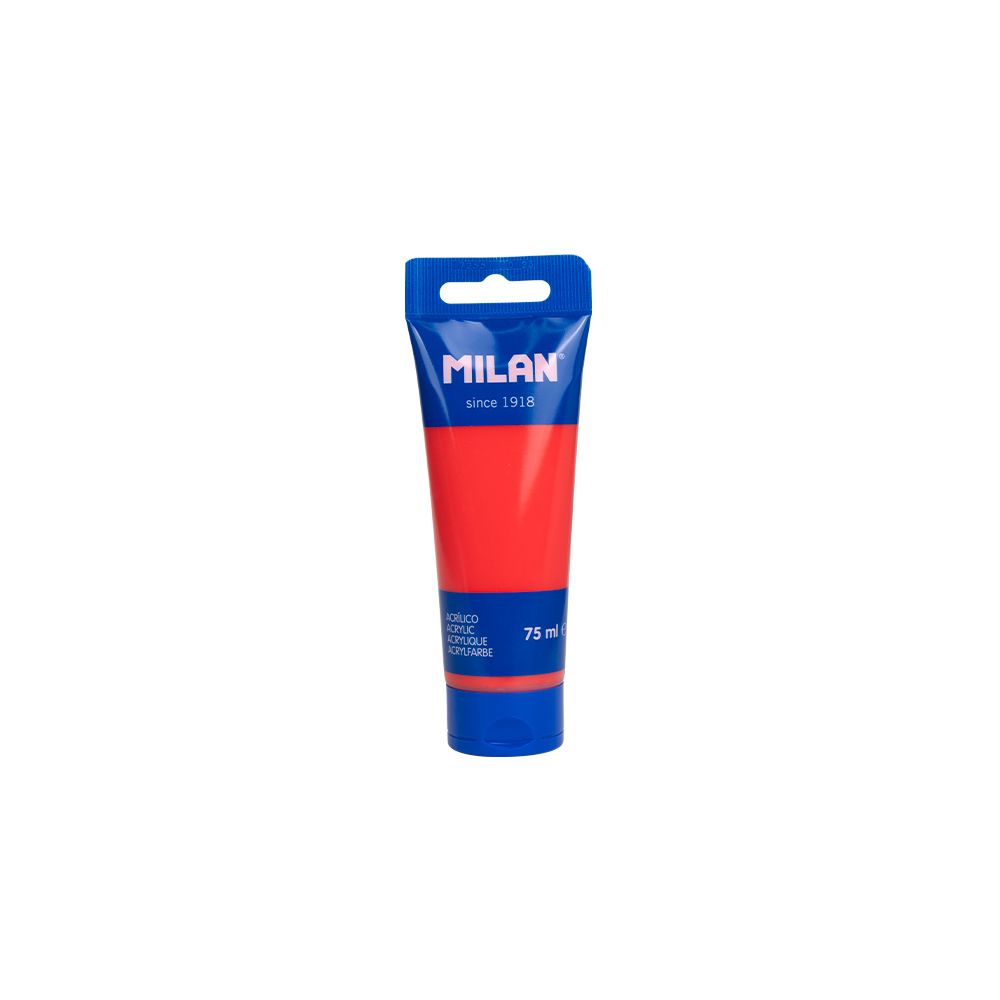 LOT de 6 Peinture Acrylique Milan Tube 75 ml - Pigments de Haute Qualité - Miscible - Couleur Rouge Pastèque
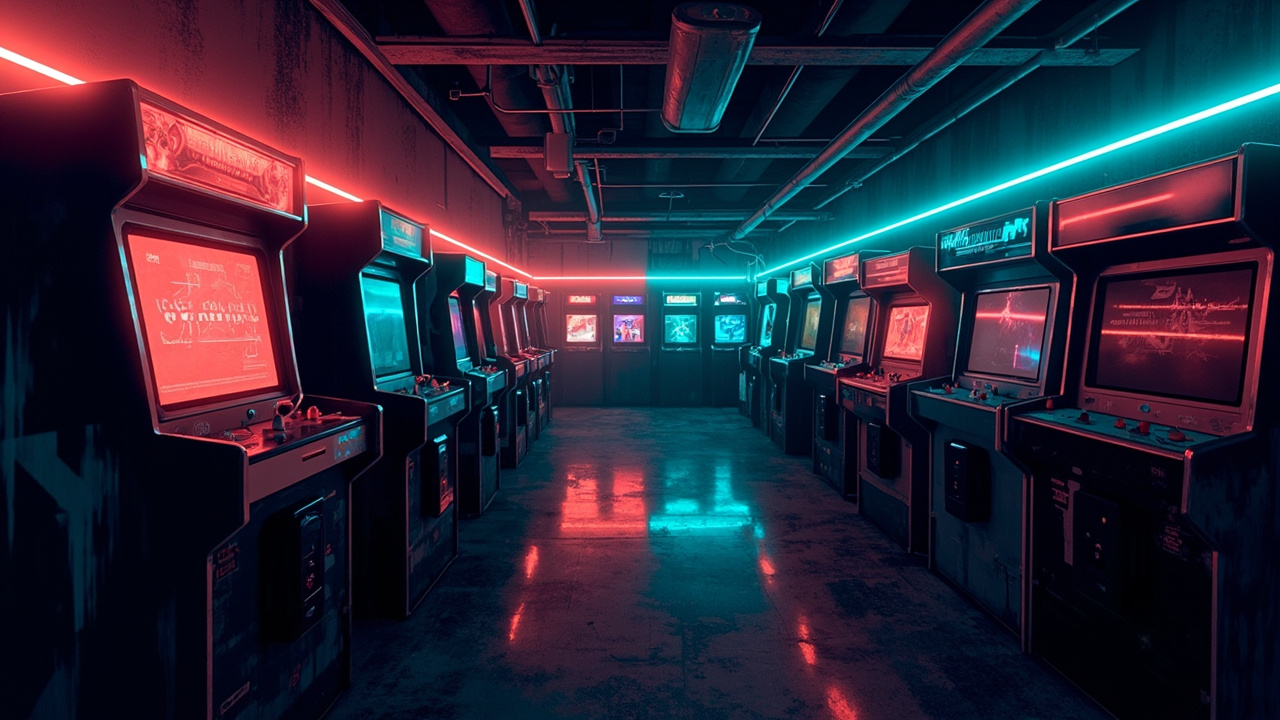 Illustration of a neon-lit retro arcade interior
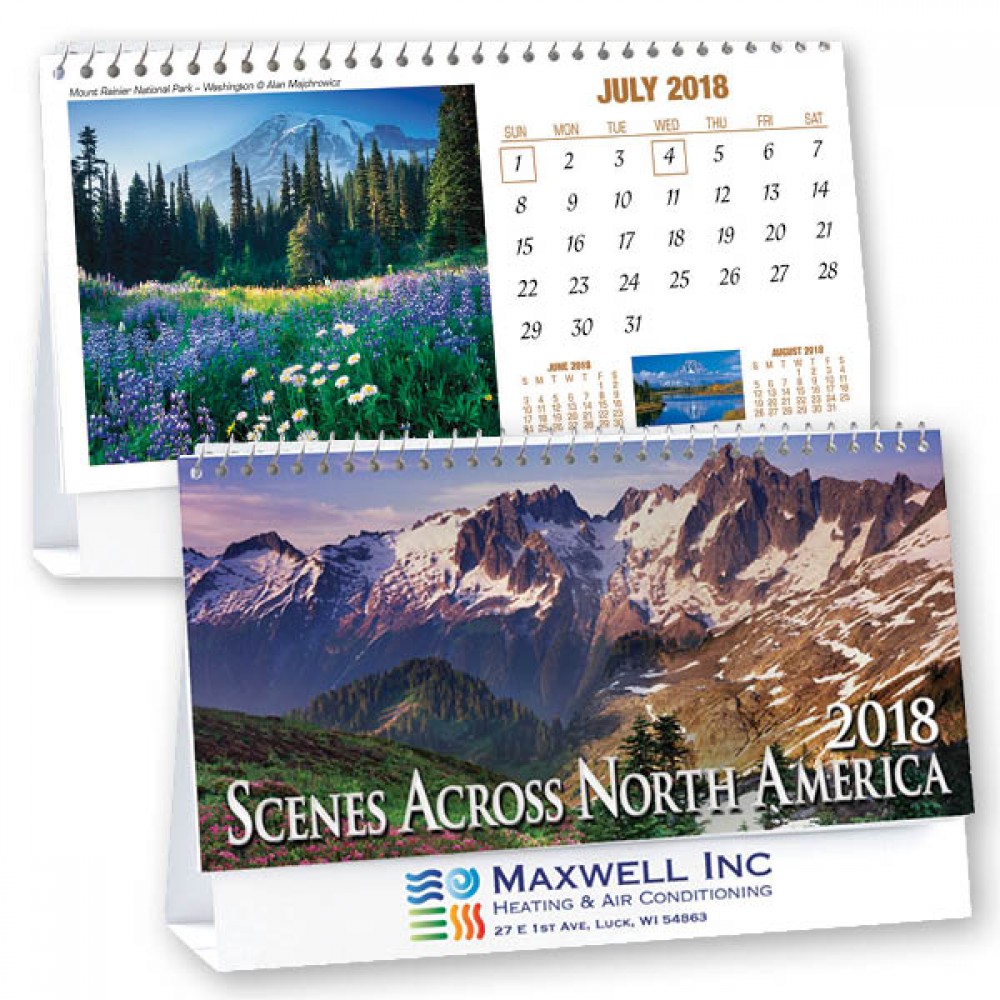 Logo Printed Scenic America Desk Calendar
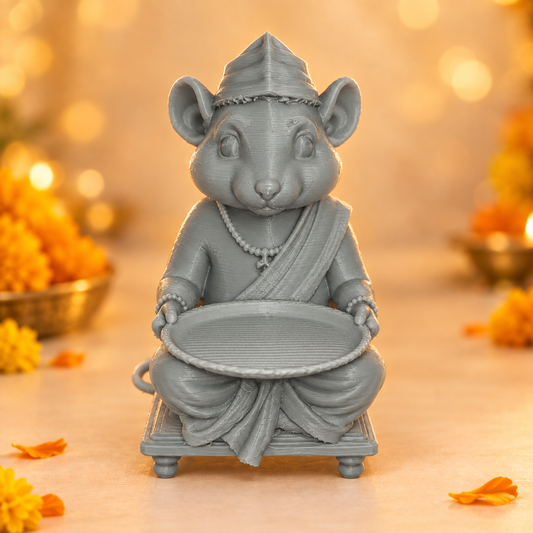 Mushakraj Prasad Patra | Ganpati Prasad Patra | Decorative Offering Plate | 3D Printed Ganesh Decoration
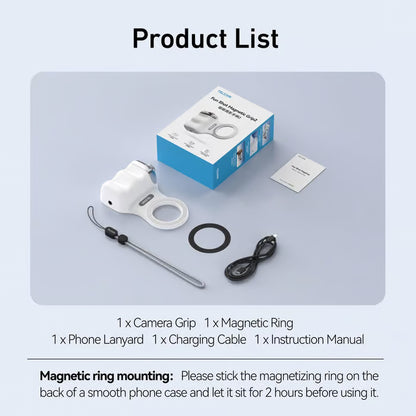 TELESIN Fun Shot Magnetic Phone Camera Grip & Magnetic Selfie Light Bundle Kit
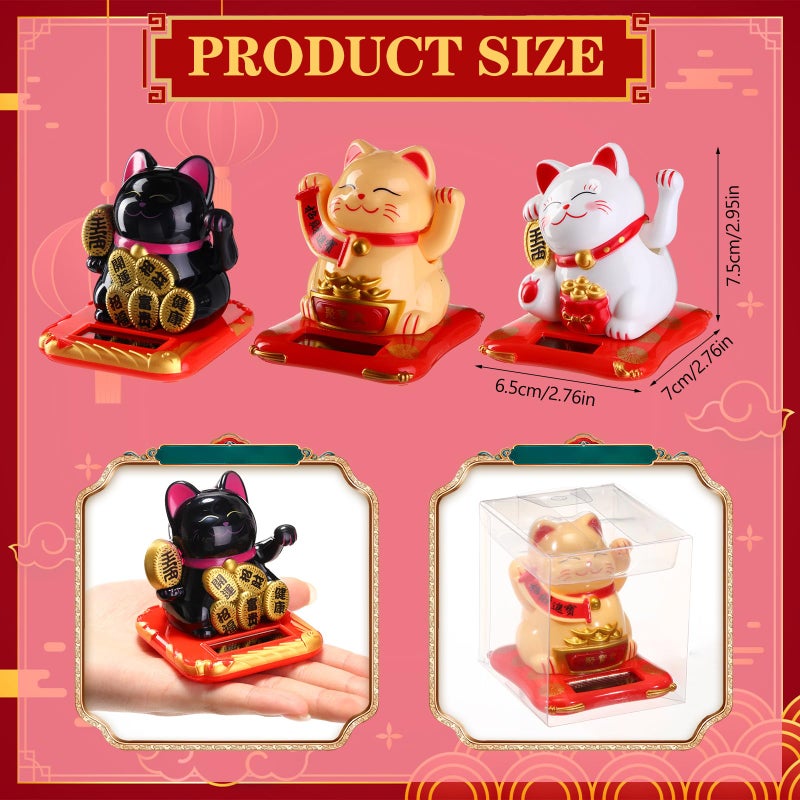 Wovnet 3 Pcs 2.95" Christmas Lucky Cat Waving Arm Maneki Neko Lucky Cat New Year Solar Feng Shui Fortune Wealth Chinese Welcoming Window Sun Catcher Car Dashboard Decor(Classic Color) - Image 2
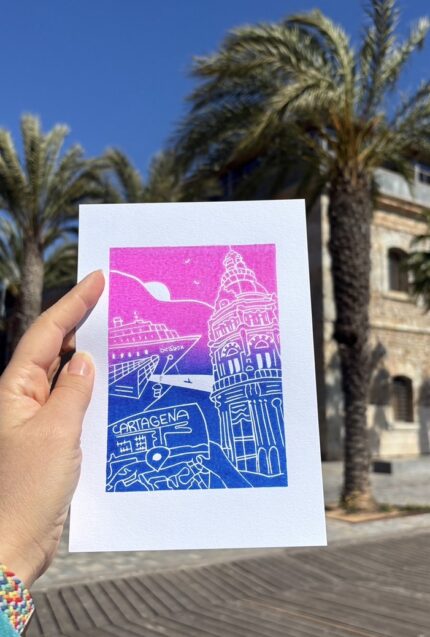cartagena spain linocut print – handprinted travel art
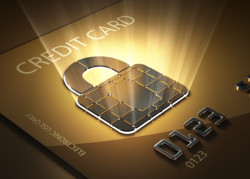 Credit card and lock shaped contact point - Concept of secure transactions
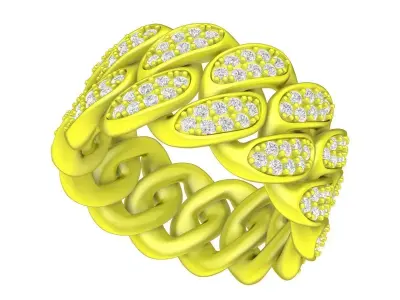 6988 luxury Cuban Diamond Ring 3D print model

####################

**Assignment:** Each line from the one bearing "Wovnet 3 Pcs" through the final line of the records is to be copied exactly, and no pictures are to be included.

**Worked solution:**
 Wovnet 3 Pcs 2.95" Christmas Lucky Cat Waving Arm Maneki Neko Lucky Cat New Year Solar Feng Shui Fortune Wealth Chinese Welcoming Window Sun Catcher Car Dashboard Decor(Classic Color) - Image 2
cartagena spain linocut print – handprinted travel art
 Credit card and lock shaped contact point - Concept of secure transactions
 6988 luxury Cuban Diamond Ring 3D print model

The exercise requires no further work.